People rarely mention Coconut Grove as a historic hotbed for folk music, but according to legendary singer David Crosby, the Grove in the ’60s was right up there with New York’s Greenwich Village.
“I was living in New York when someone told me there were coffee shops down in Coconut Grove,” he says of Miami’s iconic neighborhood. “I put my clothes in a cardboard box, took that box and my guitar on a Greyhound, and stayed on Bobby Ingram’s couch. Fred Neil and Vince Martin became my mentors.”
Crosby, who later found fame as a member of the Byrds and Crosby, Stills & Nash, has fond memories of living and playing music in the Grove in those early days.

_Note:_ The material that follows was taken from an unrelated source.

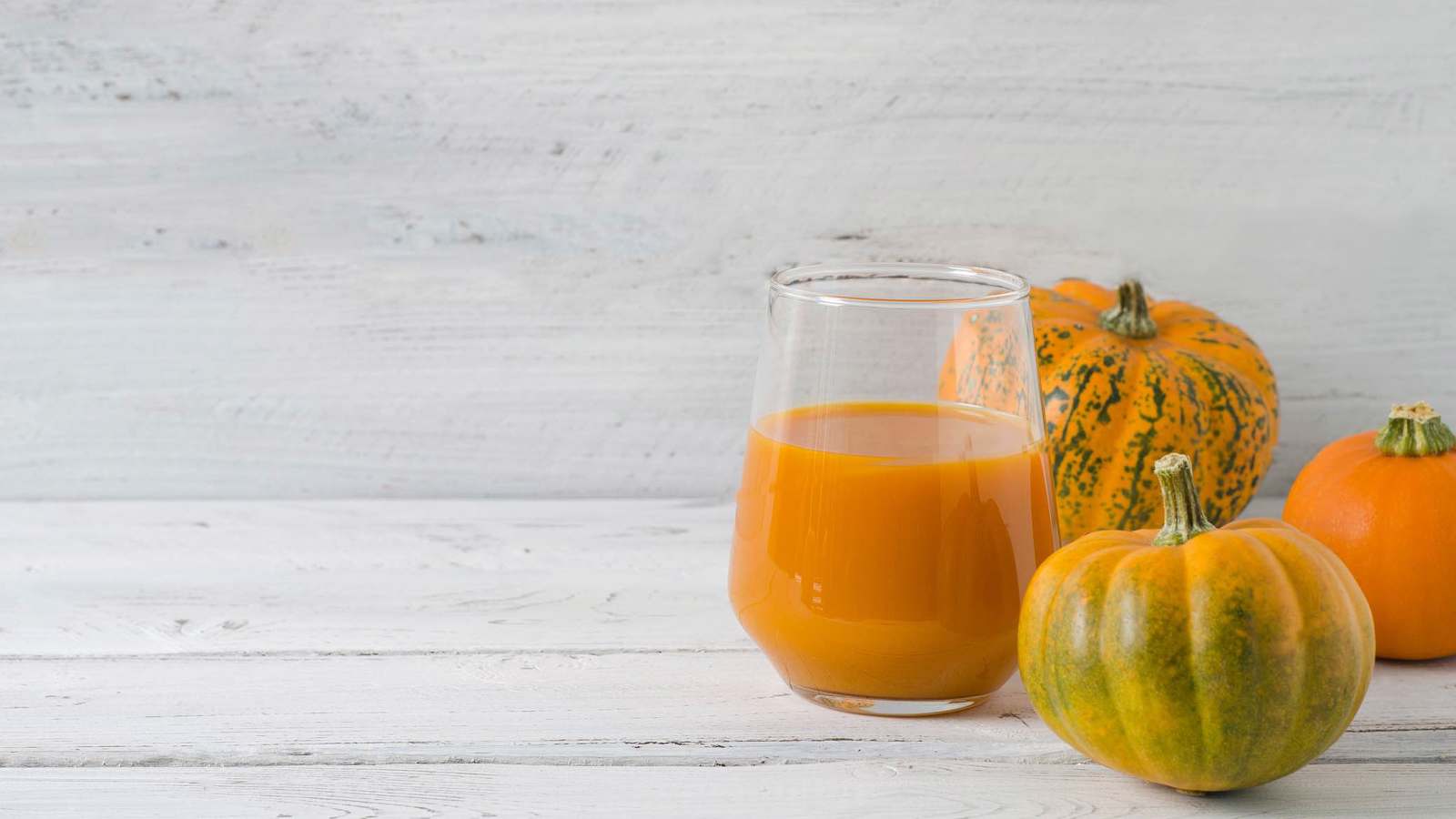 عصير اليقطين أم الكرفس.. أيهما الأفضل لفقدان الوزن؟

“Every night after the coffee shops closed, we’d sneak into the rental boats at Dinner Key. We’d steal a boat at 1 in the morning. That’s how we found where the sandbars were,” he tells New Times by phone.

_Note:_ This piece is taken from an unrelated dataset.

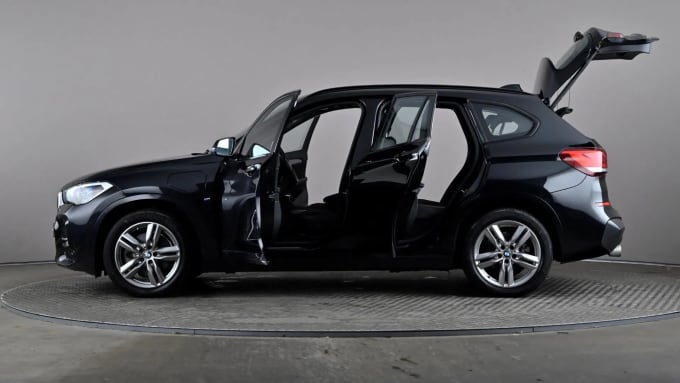 2021 BMW X1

His love affair with boats and South Florida led him to discover one of folk music’s most popular performers — Joni Mitchell — at the Gaslight in Coconut Grove.
“I was thrown out of the Byrds. I was going to buy a sailboat and sail away and quit the music business. I met Joni in a coffeehouse, and she blew me away. I was stunned. I fell for her, which was like falling into a cement mixer — very turbulent girl. I brought her to California, and that was the start.”
Crosby’s way with storytelling is evident in a new documentary, David Crosby: Remember My Name, due out this year. “You know Cameron Crowe?” he says of the filmmaker behind Almost Famous. “Almost Famous was based on him as a kid, and we were the band. He knew me since he was 15. We’ve been friends since then, so he asked me the questions in this movie. I didn’t want to do a shine job. Some of it is painful to go through. I cry, but that’s part of the deal.”